CHICAGO — Sergio Romo smiles at the memory. He was so young, so excitable and so focused on just trying to survive the moment. But even with the swirl of emotion and surreal nature that comes with your major league debut, it will never leave his mind.

He can list off the inning like it happened days ago. The only thing that slows his recall is the emotion of gratitude and accomplishment that was inserting a baseball-sized lump in his throat.

“It was June 26, 2008, Cleveland,” he said late Tuesday evening after the Mariners’ 4-0 loss to the Twins. “Oh man, I’m just kind of trying to hold it in right now.”

But like a payoff pitch with the game on the line, Romo pulled it together and recalled the rest of that first MLB relief appearance.

“Shin Soo-Choo, fly ball to left,” he continued. “Casey Blake, strikeout. Dave Dellucci, strikeout.”

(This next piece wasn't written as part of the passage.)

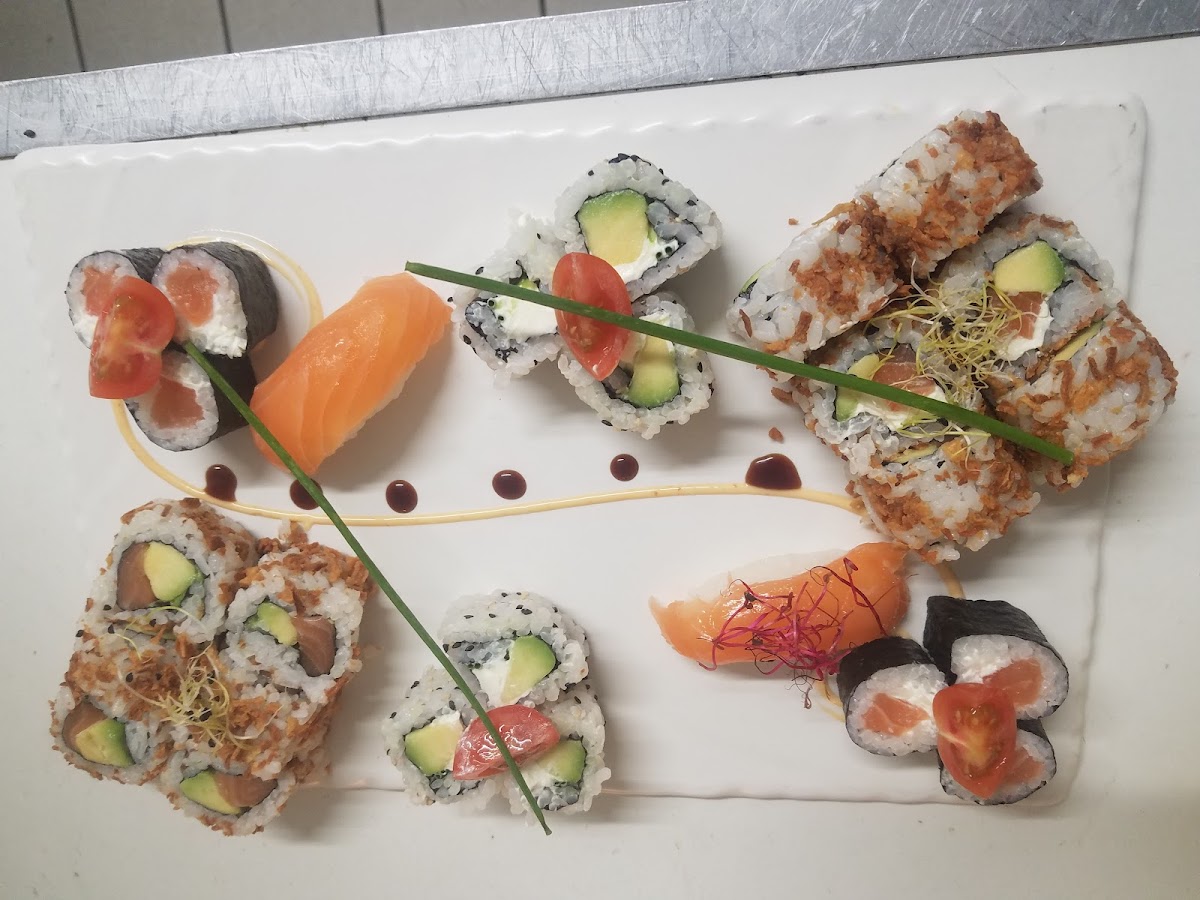 Santoku Photo 8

And now 799 MLB appearances later, he stared down at the two score cards in his hands — one autographed by Mariners manager Scott Servais and the other by Twins manager Rocco Baldelli — to commemorate his milestone achievement Monday night at Target Field.


When he jogged to the mound in the sixth inning, Romo made his 800th pitching appearance in the big leagues.

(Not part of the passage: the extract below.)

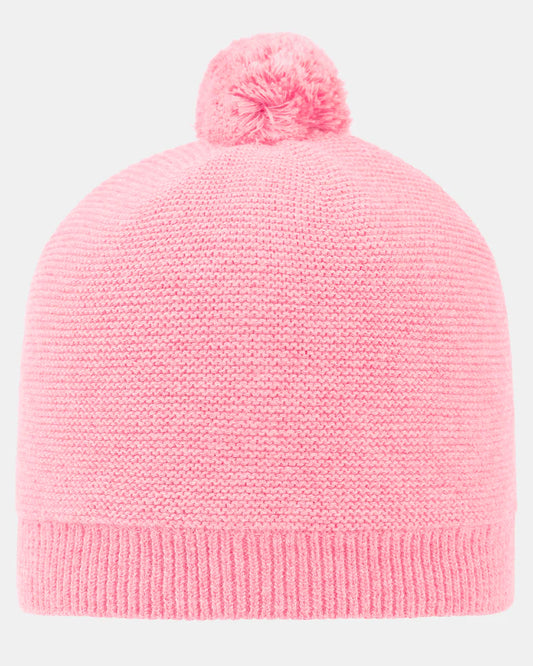 Toshi Organic Beanie | Love Carmine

“Sergio pitching in his 800th game, that’s unbelievable,” Servais said. “With the career he’s had, I know that’s a number that means a lot to him. He’s just got a way of getting through innings, understanding who he is and how to attack hitters. I think he’s gonna help us quite a bit.”

With the Mariners trailing 4-0, Romo allowed a single to Gary Sanchez, but came back to strike out Miguel Sano swinging. After a catcher’s interference call allowed Alex Kirilloff to reach base, Romo calmly got Byron Buxton to ground into a fielder’s choice force-out at second and struck out Carlos Correa for a scoreless inning.

“It would’ve been a little sweeter if we had got the win,” Romo said. “But this is pretty cool. Talk about beating the odds, right? I didn’t know how it was going to make me feel. But this is one of the reasons why I wanted to play this season and wanted to be on a good team so we could win, and I could get some of these personal accolades out of the way. Kind of struggling to pat myself on the back.”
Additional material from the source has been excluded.